◆ **ASSIGNED TASK**:
What should be copied is the stretch of entries below from the line with "Does your face" up to and including the line with "I'm going to", exactly and without images.

Stored data entries
---*---
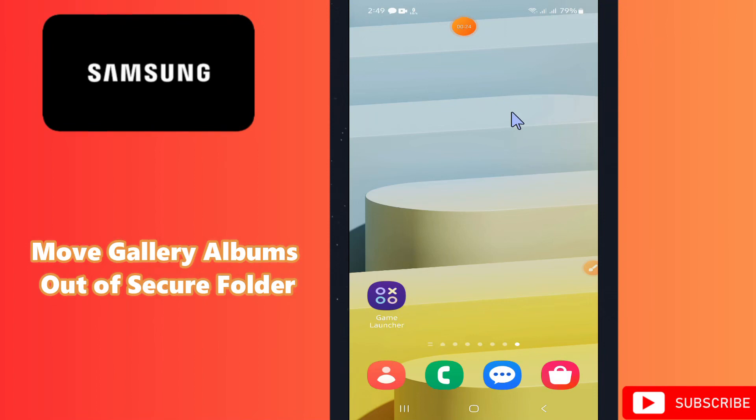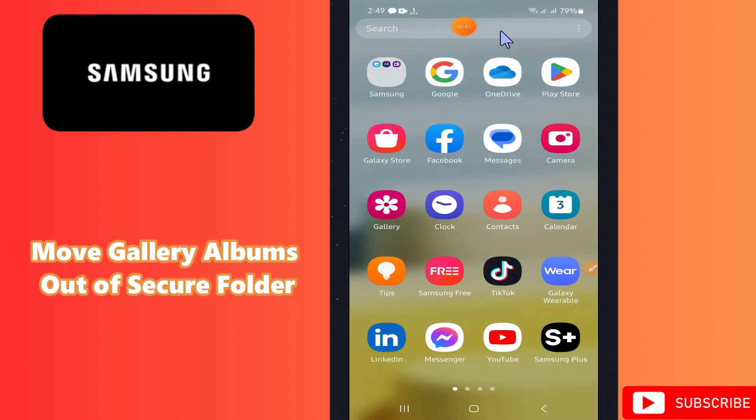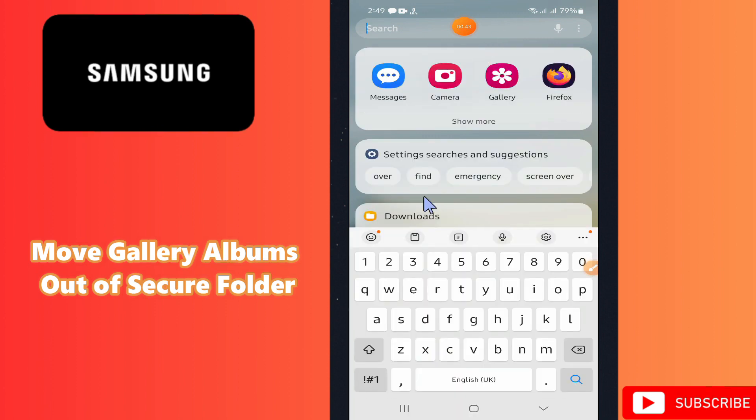Hello everyone, hope you are fine. Welcome to another video. In this video, I will tell you how to move the gallery album out of the secure folder in any Samsung device. If you want to move the gallery album out of the secure folder, I will show you how you can do it. Before I start, if you are new here, don't forget to subscribe and press the bell icon. Let's watch the video and learn how you can do it.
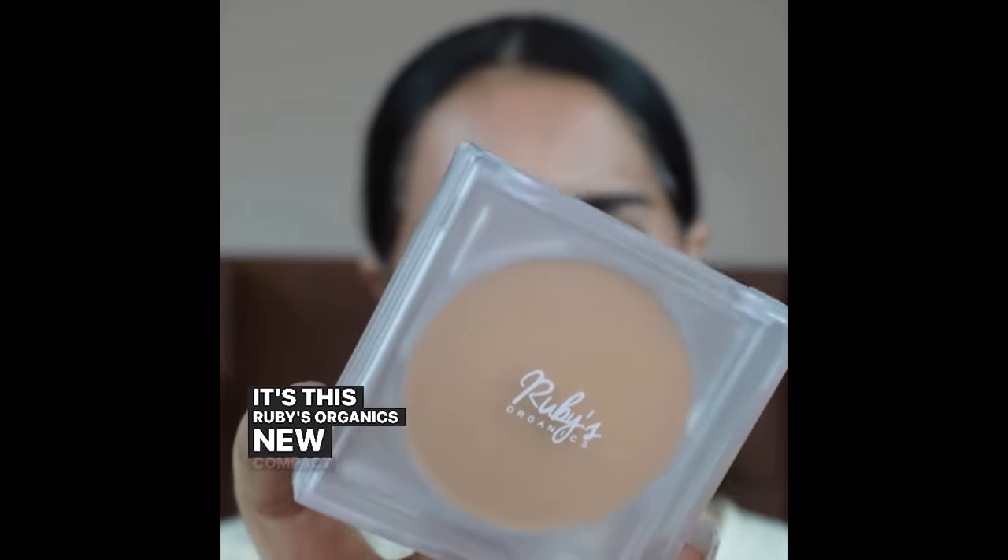Does your face and T-zone get oily through the day? Don't worry, I've got the perfect solution for it. It's this Ruby's Organic new Compact Setting Powder.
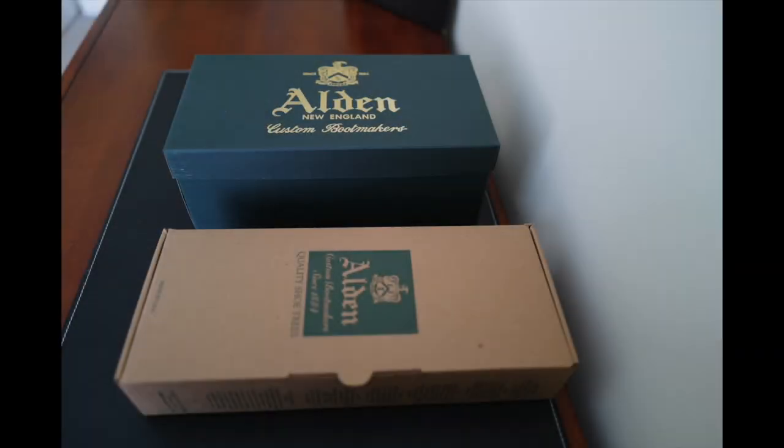Welcome back. Today I'm doing a review of my experience with the Alden Restoration Service. I'll do an overview of how I sent these in for recrafting and an unboxing of the shoes that I got back. Then I'll do a comparison of before and after pictures to see how it came out.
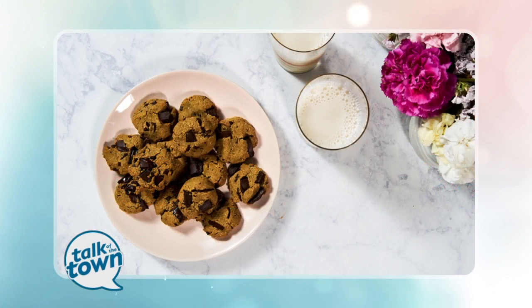If you're eating vegan or following a paleo diet, that doesn't mean you have to give up sweets. Callie Blonde is here now with a recipe that's been very popular on her Love Cooks blog. It's Espresso Chocolate Chip Cookies.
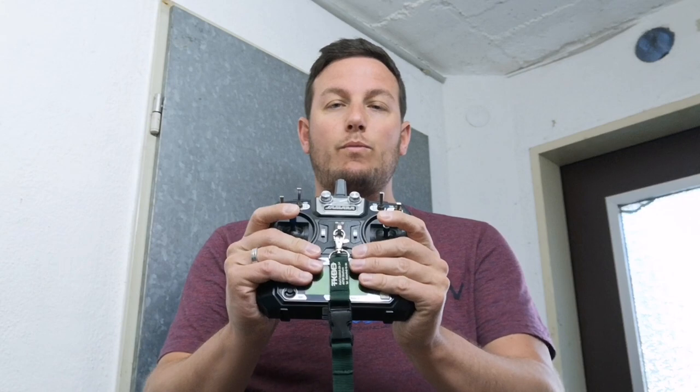Hallo zusammen und herzlich willkommen hier auf meinem Kanal. Heute wenig Angeln bzw. gar kein Angeln, ein bisschen mehr Technik. Es geht ums Futterboot und wie man das Ganze steuert. Ich habe ein Futterboot gekauft vor ca. zwei Jahren und wollte damit in Holland beim Vereinsgewässer die Saison früher beginnen. Leider haben sich die Statuten des Vereins etwas geändert und ab 2019 war es nicht mehr erlaubt, mit Futterbooten auf dem See rumzufahren. Es gibt aber genug Gewässer, wo man ein Futterboot benutzen kann.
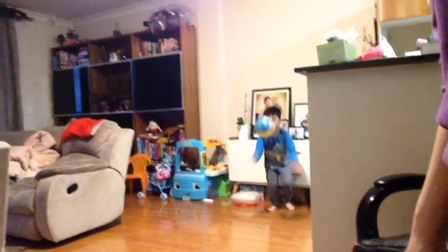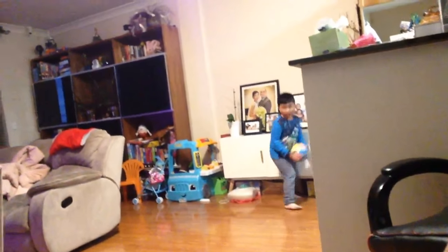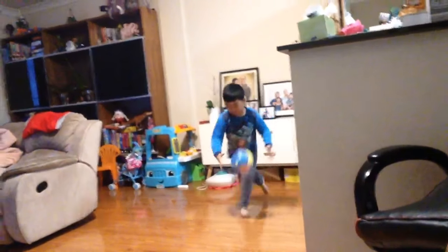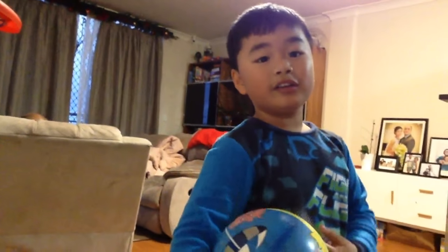I'm going to show you the crack crack bounce dunk. This is the elbow grab dunk. The next one is going to be called the dribble. This one is called the circle duck.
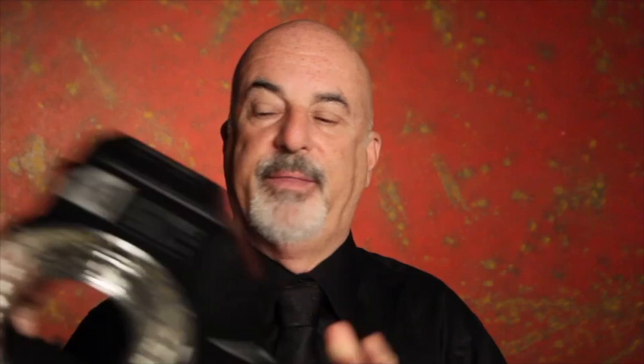The way I lit this was very easily — I just used a ring light, which is this guy right here, and that was my front light. So the ring light was in the front lighting the model up, and then off to one side, if you look at this diagram here, you can see there was a strip light which just edged the model to separate it from the background.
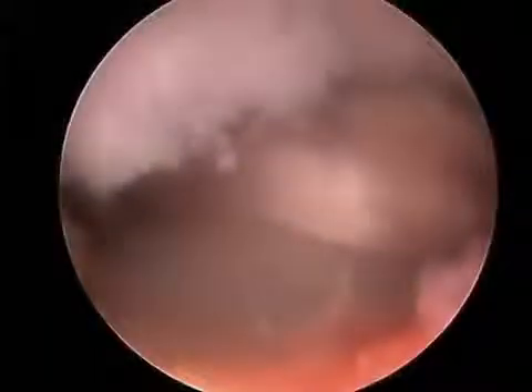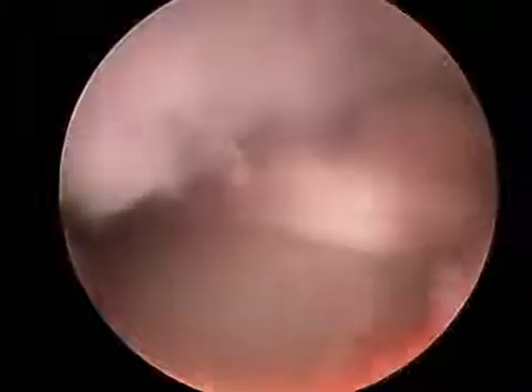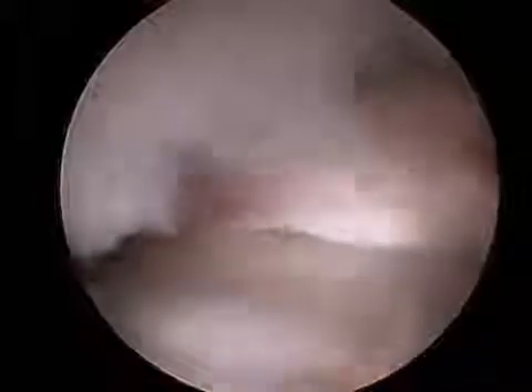A burr will be introduced into the hip in order to remove the bump and recontour the femoral head and neck junction to remove the cam impingement. The burr is used to sculpt the femoral head and neck junction where the cam lesion was causing impingement on the labrum, thus causing the patient's labral tear.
---*---
◆ **SOLVED PROBLEM**:
Does your face and T-zone get oily through the day? Don't worry, I've got the perfect solution for it. It's this Ruby's Organic new Compact Setting Powder.
Welcome back. Today I'm doing a review of my experience with the Alden Restoration Service. I'll do an overview of how I sent these in for recrafting and an unboxing of the shoes that I got back. Then I'll do a comparison of before and after pictures to see how it came out.
If you're eating vegan or following a paleo diet, that doesn't mean you have to give up sweets. Callie Blonde is here now with a recipe that's been very popular on her Love Cooks blog. It's Espresso Chocolate Chip Cookies.
Hallo zusammen und herzlich willkommen hier auf meinem Kanal. Heute wenig Angeln bzw. gar kein Angeln, ein bisschen mehr Technik. Es geht ums Futterboot und wie man das Ganze steuert. Ich habe ein Futterboot gekauft vor ca. zwei Jahren und wollte damit in Holland beim Vereinsgewässer die Saison früher beginnen. Leider haben sich die Statuten des Vereins etwas geändert und ab 2019 war es nicht mehr erlaubt, mit Futterbooten auf dem See rumzufahren. Es gibt aber genug Gewässer, wo man ein Futterboot benutzen kann.
I'm going to show you the crack crack bounce dunk. This is the elbow grab dunk. The next one is going to be called the dribble. This one is called the circle duck.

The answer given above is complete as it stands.